Home > Cyber News > 5 Device Hijacking OS X CVEs Stem from Processing Image Formats

5 Device Hijacking OS X CVEs Stem from Processing Image Formats


Cisco Talos security researchers have unveiled security vulnerabilities (CVEs) which could compromise Mac OS X devices. The flaws enable attackers to harvest the user’s data and can lead to remote code execution and device hijacking. The total number of the disclosed vulnerabilities is 5.

Related: OSX.Pirrit – the Malware Adware Compromising Macs

Meet CVE-2016-4631, CVE-2016-4629, CVE-2016-4630, CVE-2016-1850 and CVE-2016-4637

The cause for all 5 flaws is in the way that Apple processes image formats.
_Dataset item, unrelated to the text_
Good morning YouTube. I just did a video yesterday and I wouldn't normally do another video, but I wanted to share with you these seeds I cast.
Apple provides APIs as interfaces for the purpose of accessing images, and the flaws are related to that system.

The dangers are particularly associated with .tiff (TIFF) files used in publishing, OpenEXR, Digital Asset Exchange file format XML files, and BMP images.

More about CVE-2016-4631and the .tiff (TIFF) File Format

Because of its ability to store images in a lossless compression, the Tagged Image File Format is mainly popular among graphic designers and artists photographers. Researchers explain that TIFF was created to try to establish a common scanned image file format in the mid 1980s. Researchers at Talos discovered an issue in the way the Image I/O API parses and handles tiled TIFF image files.
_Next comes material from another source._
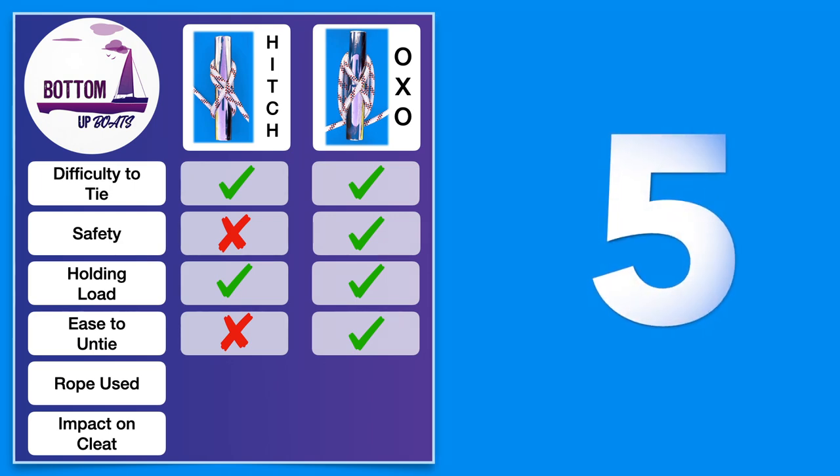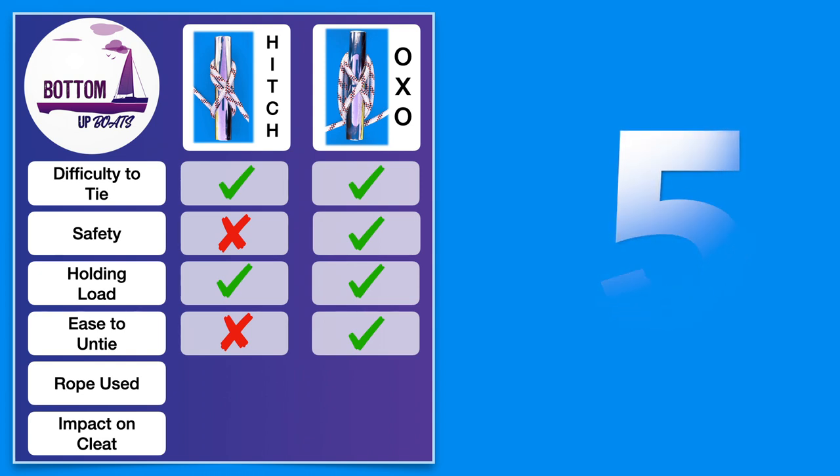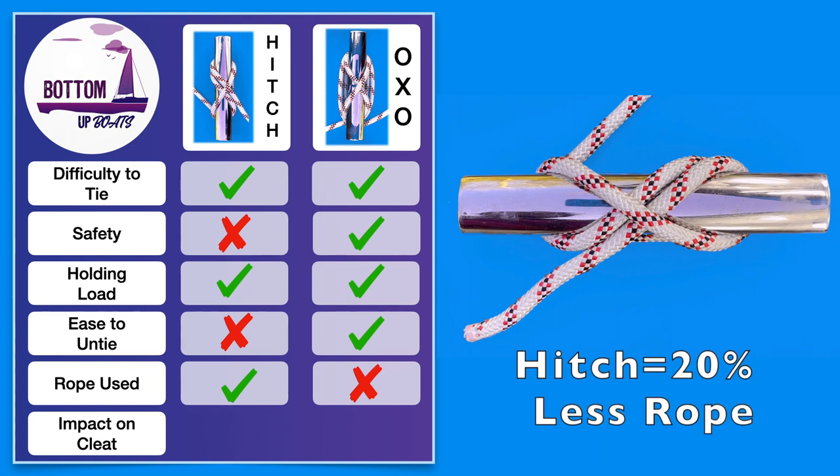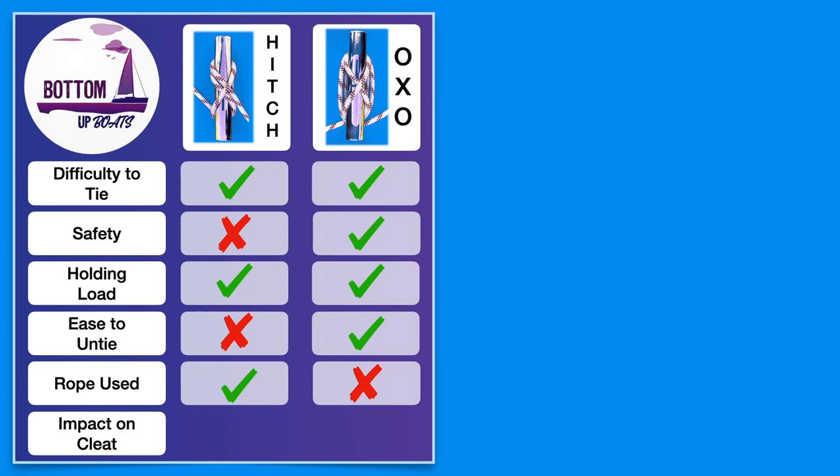The fifth factor to consider is the amount of rope that each option uses. Tying the standard variation shown in the demo, the hitch uses approximately 20 to 30 percent less rope. So if you're in a situation where you've got a short tail on your mooring line, you may need to go for the hitch to ensure you're safely secured.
When rendered by applications that use the Image I/O API, a specially crafted TIFF image file can be used to create a heap based buffer overflow and ultimately achieve remote code execution on vulnerable systems and devices.

CVE-2016-4631 can be activated in any app that uses the Apple Image I/O API when rendering TIFF images.
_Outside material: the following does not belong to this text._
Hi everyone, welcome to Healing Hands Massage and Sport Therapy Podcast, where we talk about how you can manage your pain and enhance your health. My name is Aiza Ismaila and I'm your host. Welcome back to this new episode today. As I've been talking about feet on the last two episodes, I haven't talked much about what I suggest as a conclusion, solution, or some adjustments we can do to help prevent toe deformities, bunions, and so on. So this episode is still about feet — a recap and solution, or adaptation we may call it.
In other words, there are plenty of opportunities for attackers to take advantage of this security loophole, like iMessages, compromised pages, MMS and malicious file attachments that open with the help of Apple Image I/O API.

More about CVE-2016-4629, CVE-2016-4630 and OpenEXR File Format

OpenEXR is a high dynamic range image file format. The format has been developed for application in the visual effects industry and is widely popular for professional computer graphics. The format allows for a lot of flexibility in the bit depth of information held in pixels, researchers note. The bad part is that a malicious OpenEXR file can be created that abuses this flexibility to cause Apple Image I/O to write the information contained within the image to memory outside of the intended destination buffer.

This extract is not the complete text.